Investigation of Spatial Self-Supervised Learning and Its Application to Target Speaker Speech Recognition
This is a repository of guided neural fast full-rank spatial covariance analysis (guided neural FastFCA).
pip install git+https://github.com/b-sigpro/neural-gfca.git
Pre-trained models are available at the release page.
One utterance in a mixture recording [src_file].wav
can be extracted to [dst_file].wav
the following command.
python -m neural_gfca.separate one ./neural-gfca.16ch-qini-nsfsim.Ns=6/ [src_file].wav [dst_file].wav --target --n_mic=16 --drop_context --normalize=exceed --use_mvdr
The script automatically reads [src_file].info
, which must be a Python pickle file of a dictionary with the following format:
{
"act": np.ndarray([T, N]), # binary activations of N speakers, the 1st speaker (n=0) is the target.

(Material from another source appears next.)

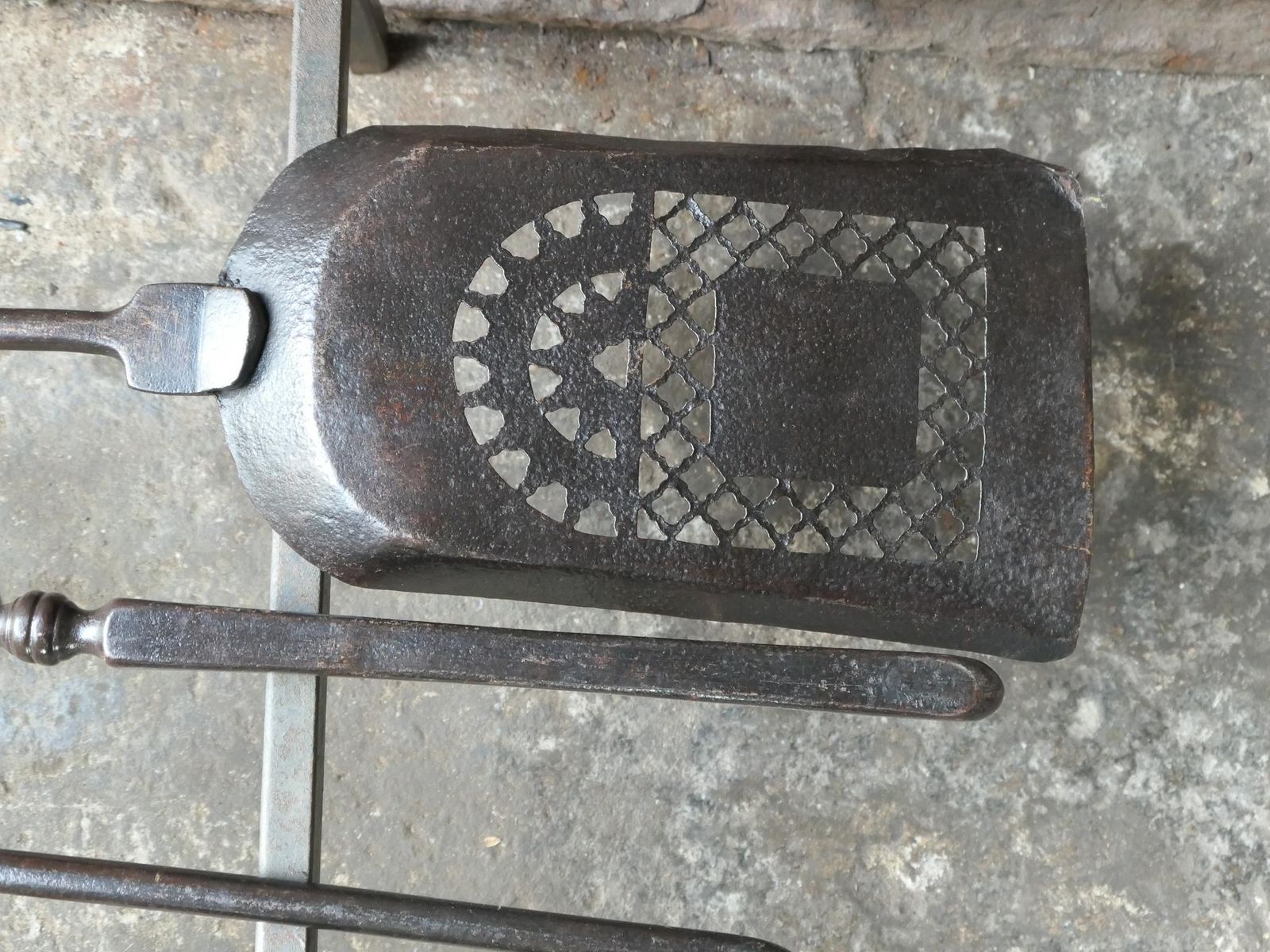photo for sale 18th   19th C. English Georgian Fire Irons With Rests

"start": int, # start time sample of the target,
"end": int, # end time sample of the target,
}
If you have out of memory issue, you can use the following option:
task.encoder.diagonalizer._target_=neural_gfca.diagonalizers.iss_nrmxt_zhang3_cnt_fblk_diagonalizer.ISSDiagonalizer
This option diagonalizes the mixture for each block of frequency bins, which will takes less memory but more computational time.
@inproceedings{bando2025investigation,
title={Investigation of Spatial Self-Supervised Learning and Its Application to Target Speaker Speech Recognition},
author={Yoshiaki Bando and Samuele Cornell and Satoru Fukayama and Shinji Watanabe},
booktitle={IEEE ICASSP 2025},
year={2025}
}
This work is based on results obtained from a project, Programs for Bridging the gap between R&D and the IDeal society (society 5.0) and Generating Economic and social value (BRIDGE)/Practical Global Research in the AI × Robotics Services, implemented by the Cabinet Office, Government of Japan.